By Eric Feldman and Patrick Jamieson

In response to demands by trust beneficiaries seeking removal of two trustees pursuant to Delaware law governing fiduciary relationships generally as well as a declaratory judgment that one trustee acted with gross negligence or willful misconduct, the Delaware Court of Chancery denied the trustees’ motion to dismiss, finding it was reasonably conceivable that both trustees were unfit to serve and that the one trustee could have acted with willful misconduct.
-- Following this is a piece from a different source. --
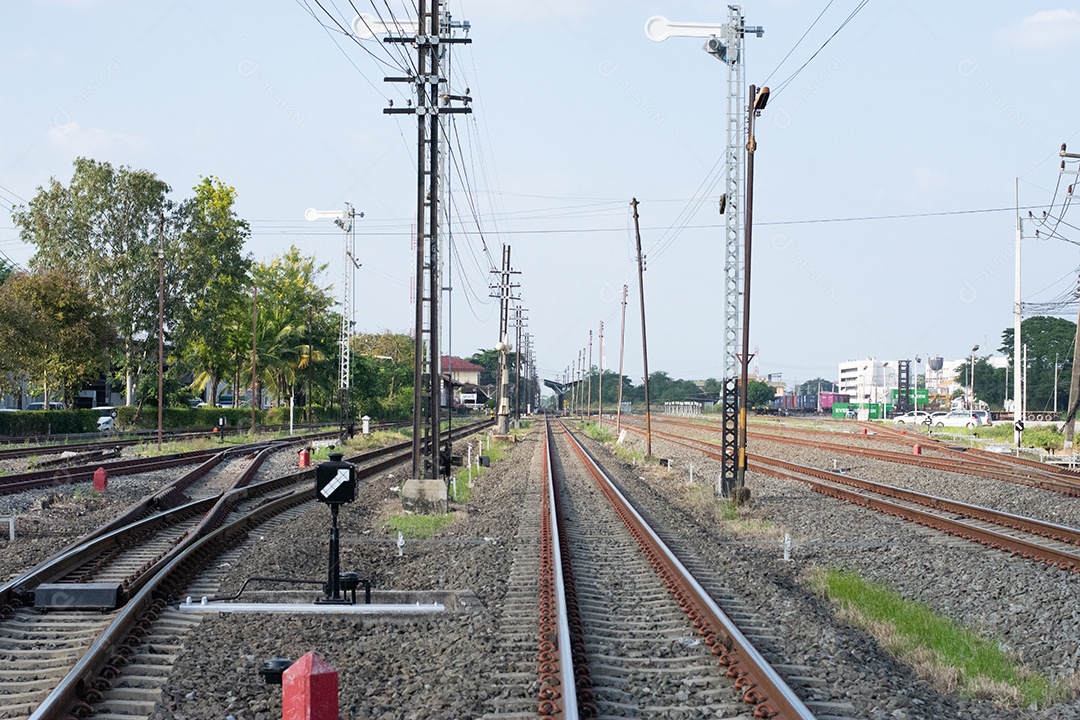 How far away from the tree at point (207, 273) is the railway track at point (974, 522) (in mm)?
42505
Petitioners in United Brotherhood of Carpenters Pension Plan v. Fellner, C.A. No. 9475-VCN (Del. Ch. February 26, 2015) (Noble, V.C.) are trust beneficiaries who collectively hold a 78.61% beneficial interest in three trusts (the “Trusts”).  Their interests stem from their 2008 purchase of limited partnership interests in a Delaware limited partnership whose general partner, BSF-TDC GP, LLC (“BSF-TSC”), was controlled by Michael Baumann.  In 2012, Baumann converted the limited partnership into a publicly traded Real Estate Investment Trust (“REIT”).  The limited partnership exchanged its ownership interests in various entities for 2,904,910 REIT common shares, then valued at $18.  Following the conversion, the limited partnership held only the REIT shares and two adjoining parcels of land and consequently determined to transfer its assets into a liquidating trust (the “Master Trust”) pursuant to a Plan of Liquidation and Liquidating Trust Agreement.  BSF-TDC was named as trustee of the Master Trust and the limited partners were designated as beneficiaries.
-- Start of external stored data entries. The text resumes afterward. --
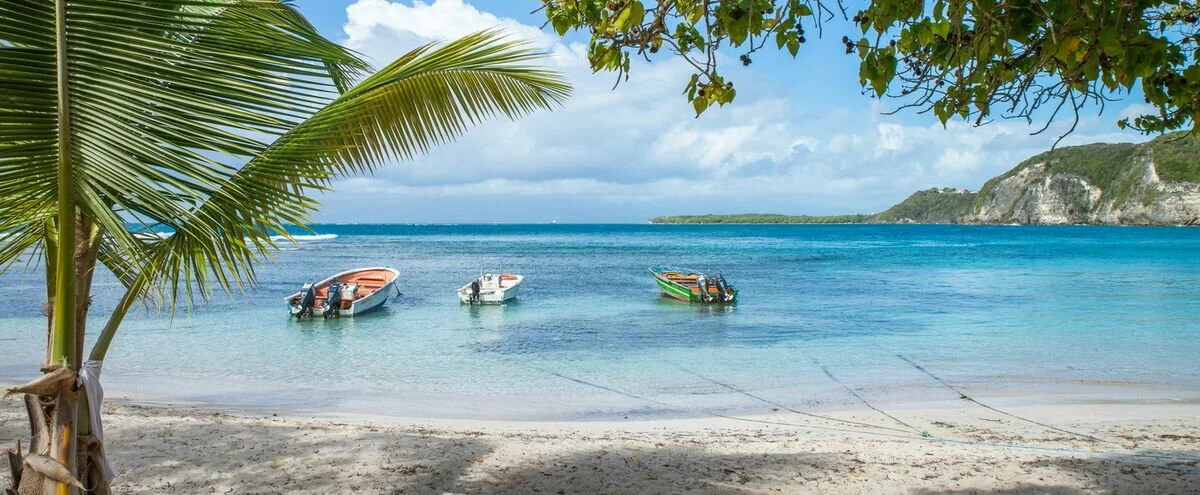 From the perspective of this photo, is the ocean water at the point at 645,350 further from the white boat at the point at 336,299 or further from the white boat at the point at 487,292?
the white boat at the point at 487,292

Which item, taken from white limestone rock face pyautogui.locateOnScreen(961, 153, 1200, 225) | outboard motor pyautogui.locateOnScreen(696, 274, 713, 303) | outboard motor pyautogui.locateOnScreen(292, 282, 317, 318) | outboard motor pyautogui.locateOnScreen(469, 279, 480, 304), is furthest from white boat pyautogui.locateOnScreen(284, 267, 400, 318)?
white limestone rock face pyautogui.locateOnScreen(961, 153, 1200, 225)

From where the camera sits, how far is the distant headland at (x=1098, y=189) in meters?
103

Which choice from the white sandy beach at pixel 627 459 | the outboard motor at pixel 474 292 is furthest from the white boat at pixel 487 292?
the white sandy beach at pixel 627 459

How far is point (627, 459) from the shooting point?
597 centimetres

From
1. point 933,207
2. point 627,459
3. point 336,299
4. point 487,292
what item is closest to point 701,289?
point 487,292

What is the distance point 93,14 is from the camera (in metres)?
2.55

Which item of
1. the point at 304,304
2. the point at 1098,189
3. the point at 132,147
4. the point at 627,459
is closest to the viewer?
the point at 132,147

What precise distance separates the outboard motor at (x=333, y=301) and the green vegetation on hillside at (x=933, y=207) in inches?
6631

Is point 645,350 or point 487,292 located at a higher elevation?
point 487,292

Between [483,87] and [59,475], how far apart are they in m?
2.50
Following this transfer, Baumann divided the Master Trust’s assets among 3 series trusts, with two of such series trusts (the “Series Trusts”) holding a combined 98.5% of the Master Trust’s total equity value.  He appointed his allegedly close friend, Michael Fellner, as trustee the Series Trusts, potentially in violation of the Plan of Liquidation’s independence requirements.  As trustee, Fellner departed from a business plan that contemplated the development and sale of the real estate parcels previously held by the limited partnership, instead exchanging the Series Trusts’ interest in said parcels to the REIT, controlled by Baumann, for REIT common stock valued at $18 per share and preferred shares valued at $100 per share.  About one year later, the REIT announced it had reached an agreement to repurchase the preferred shares for $45 per share, to which Fellner agreed.  While the transaction was never consummated, the REIT’s common stock was valued below $7 per share by late 2013.
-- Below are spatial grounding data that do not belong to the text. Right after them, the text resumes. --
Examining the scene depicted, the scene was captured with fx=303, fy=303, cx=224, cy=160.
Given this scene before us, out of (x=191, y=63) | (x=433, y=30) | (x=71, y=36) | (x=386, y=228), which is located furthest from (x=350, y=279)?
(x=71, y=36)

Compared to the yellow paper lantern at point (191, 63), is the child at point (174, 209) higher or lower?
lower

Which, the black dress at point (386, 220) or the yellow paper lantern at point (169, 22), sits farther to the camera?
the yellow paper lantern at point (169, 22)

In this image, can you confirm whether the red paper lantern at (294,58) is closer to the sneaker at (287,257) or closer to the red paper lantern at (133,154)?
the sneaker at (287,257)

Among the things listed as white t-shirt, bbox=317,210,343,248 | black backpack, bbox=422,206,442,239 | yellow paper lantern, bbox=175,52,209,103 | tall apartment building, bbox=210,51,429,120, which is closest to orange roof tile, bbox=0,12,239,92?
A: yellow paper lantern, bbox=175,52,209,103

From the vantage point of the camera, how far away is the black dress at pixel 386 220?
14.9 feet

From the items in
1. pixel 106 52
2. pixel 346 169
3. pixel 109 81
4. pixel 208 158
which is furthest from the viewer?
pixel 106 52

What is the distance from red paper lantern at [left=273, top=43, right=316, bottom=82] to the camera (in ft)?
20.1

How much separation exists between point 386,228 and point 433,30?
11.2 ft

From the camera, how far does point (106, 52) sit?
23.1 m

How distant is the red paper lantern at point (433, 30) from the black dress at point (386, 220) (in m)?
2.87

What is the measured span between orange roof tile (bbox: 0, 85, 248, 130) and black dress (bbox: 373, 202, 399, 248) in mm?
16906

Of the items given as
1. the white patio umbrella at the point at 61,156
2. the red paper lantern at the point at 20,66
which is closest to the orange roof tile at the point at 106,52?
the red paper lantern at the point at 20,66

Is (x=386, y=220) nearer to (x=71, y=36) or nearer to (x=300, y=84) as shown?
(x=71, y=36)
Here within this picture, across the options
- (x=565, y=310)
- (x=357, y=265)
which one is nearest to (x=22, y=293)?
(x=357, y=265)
Petitioners asked the Chancery Court to remove Fellner and BSF-TDC as trustees of the Series Trusts and the Master Trust, respectively, pursuant to its equitable powers to remove trustees under 12 Del. C. §3327.  While the Trusts were Delaware statutory trusts, pursuant to Section 3809 of the Delaware Statutory Trust Act, except as otherwise provided in a statutory trust’s governing instrument, Delaware law pertaining to trusts generally is applicable to statutory trusts.  Petitioners alleged that Baumann appointed Fellner as trustee of the Series Trusts in order to exert influence over him and that Fellner agreed to the proposed transaction with the REIT to enrich Baumann, and that this provided sufficient grounds for the Court to remove both trustees. The Court found that “[a]ctions taken while operating under a conflict of interest would likely breach a duty of loyalty” and would be grounds for the Court to remove the trustee.  Id. at *9.

As a result, the Court denied the motion to dismiss on all counts, finding (i) that it was reasonably conceivable that the Court might later deem BSF-TDC (i.e., Baumann) as unfit to serve as trustee of the Master Trust and (ii) that if Fellner “agreed to transactions to benefit Baumann, at the beneficiaries’ expense, it is reasonably conceivable the Court could later deem him unfit to serve as trustee. . . .”  Id. at *10.  In addition, the Court found that if Fellner approved the proposed transaction with the intent to enrich Baumann, Fellner could be charged with willful misconduct (which independently would entitle the Petitioners to vote to remove him as trustee of one of the Series Trusts pursuant to its trust agreement).

United Brotherhood of Carpenters Pension Plan v. Fellner, C.A. No. 9475-VCN (Del. Ch. February 26, 2015) (Noble, V.C.)